2020: The year science took centre-stage

Apart from new findings on coronavirus every single day, the year was also filled with stories from outer space, archeology and anatomy

December 29, 2020 03:10 pm | Updated 06:00 pm IST

The year 2020 also termed as the year of the pandemic, social distancing, work from home, was also the year of research at breakneck speed. Virologists, immunologists, computational biologists, epidemiologists, and medical professionals across the globe turned into superheroes without capes.

Quick sequencing of the whole genome of the novel coronavirus (SARS-CoV-2) helped develop various test kits. We now have not one or two, but multiple COVID-19 vaccines that have succeeded in human clinical trials. Moderna's and Pfizer-BioNTech’s vaccines that use messenger RNA have reported efficacy of about 95%, and the United Kingdom, the United States and the United Arab Emirates have already launched mass vaccinations.

Apart from new findings on coronavirus every single day, the year was also filled with stories from outer space, archeology and anatomy. Here is a list of a few of them in random order

Water on the Moon

In October, NASA confirmed, for the first time, water on the sunlit side of the Moon indicating that water may be distributed across the moon’s surface, and not limited to the cold and shadowed side.

A new gland in humans

Researchers from the Netherlands Cancer Institute announced in October that they have discovered a new pair of salivary glands hidden between the nasal cavity and throat. The team proposed the name “tubarial glands” and noted that this identification “could help to explain and avoid radiation-induced side-effects” such as trouble during eating, swallowing, and speaking.

Microbes on Venus?

 

In September, an international scientific team announced that they have spotted phosphine gas on Venus . On Earth, microorganisms that live in “anaerobic” (with no oxygen) environments produce phosphine. Massachusetts Institute of Technology molecular astrophysicist and study co-author Clara Sousa-Silva said in a release, “This is important because, if it is phosphine, and if it is life, it means that we are not alone. It also means that life itself must be very common, and there must be many other inhabited planets throughout our galaxy.”

Read our detailed explainer here .

 

CRISPR/Cas9 genetic scissors in tackling diseases

In March, a person suffering from Leber congenital amaurosis, a rare inherited disease that leads to blindness, became the first to have CRISPR/Cas-9-based therapy directly injected into the body.

In June, two patients with beta-thalassemia and one with sickle cell disease had their bone marrow stem cells edited using CRISPR techniques.

Click here to read our explainer on the genome-editing tool that won this year’s Nobel Prize for Chemistry.

Stories from Indus Valley vessels

The year 2020 marks 100 years of discovery of Indus Valley Civilisation, and a new study showed that dairy products were being produced by the Harappans as far back as 2500 BCE.
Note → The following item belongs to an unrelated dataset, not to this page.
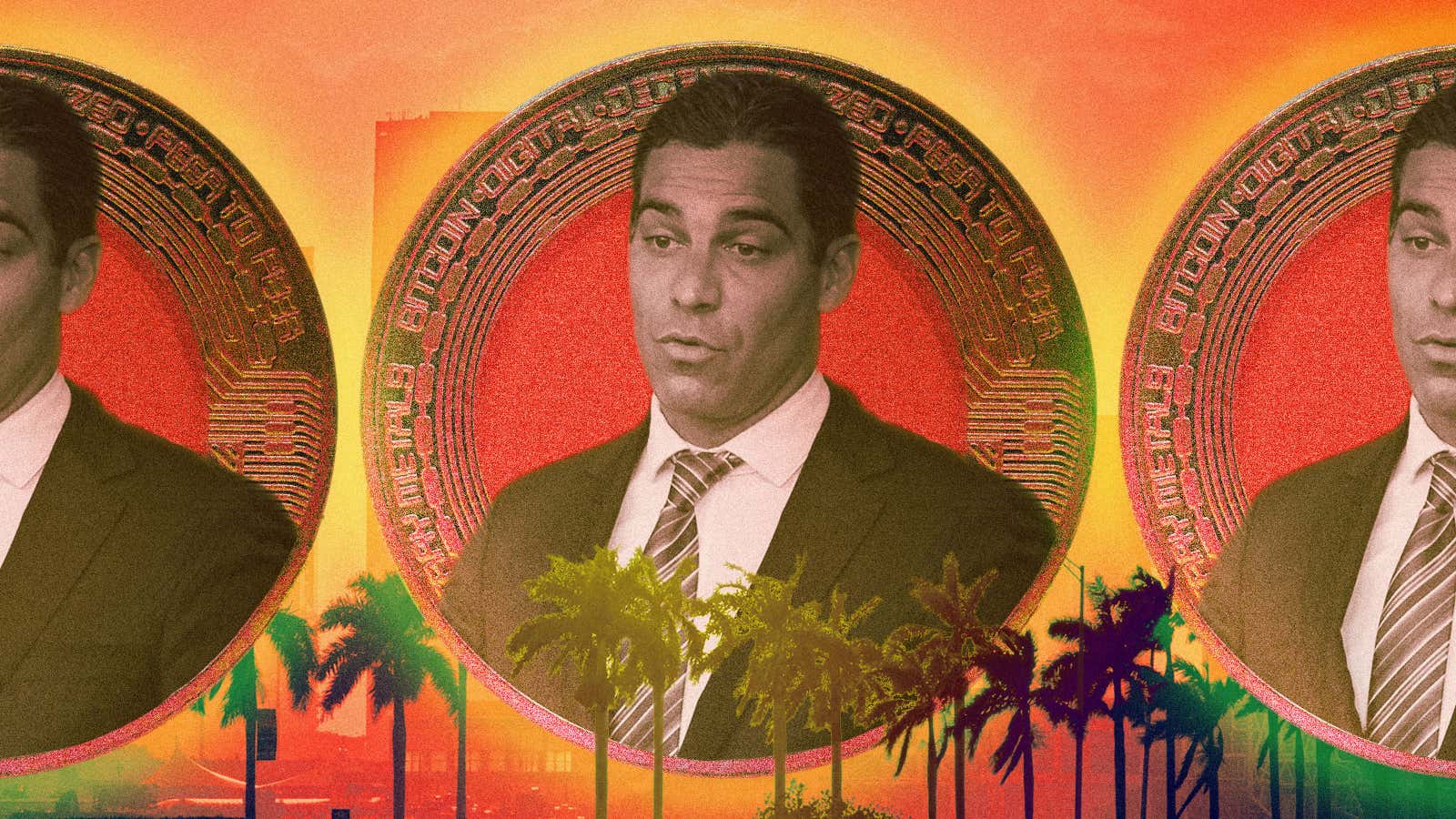 Mayor Francis Suarez has bet his political career on crypto.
Another study found the presence of animal products , including cattle and buffalo meat, in ceramic vessels dating back about 4,600 years.
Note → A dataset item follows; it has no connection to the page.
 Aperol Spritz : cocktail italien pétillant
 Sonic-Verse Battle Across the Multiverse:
Samples from the Moon and an asteroid

China’s Chang’e-5 probe brought back about 1,731 grams of samples from the moon becoming the third country to bring moon samples after the U.S and Soviet Union.

Also, Japan’s Hayabusa 2 brought back the first extensive samples from an asteroid . The spacecraft, launched from Japan's Tanegashima space centre in 2014, took four years to reach the asteroid Ryugu before taking a sample and heading back to Earth in November 2019.

NASA launches Mars rover Perseverance

Mars rover Perseverance blasted off for the red planet on July 30 to bring the first Martian rock samples back to Earth. If all goes well, the rover will descend to the Martian surface on February 18, 2021.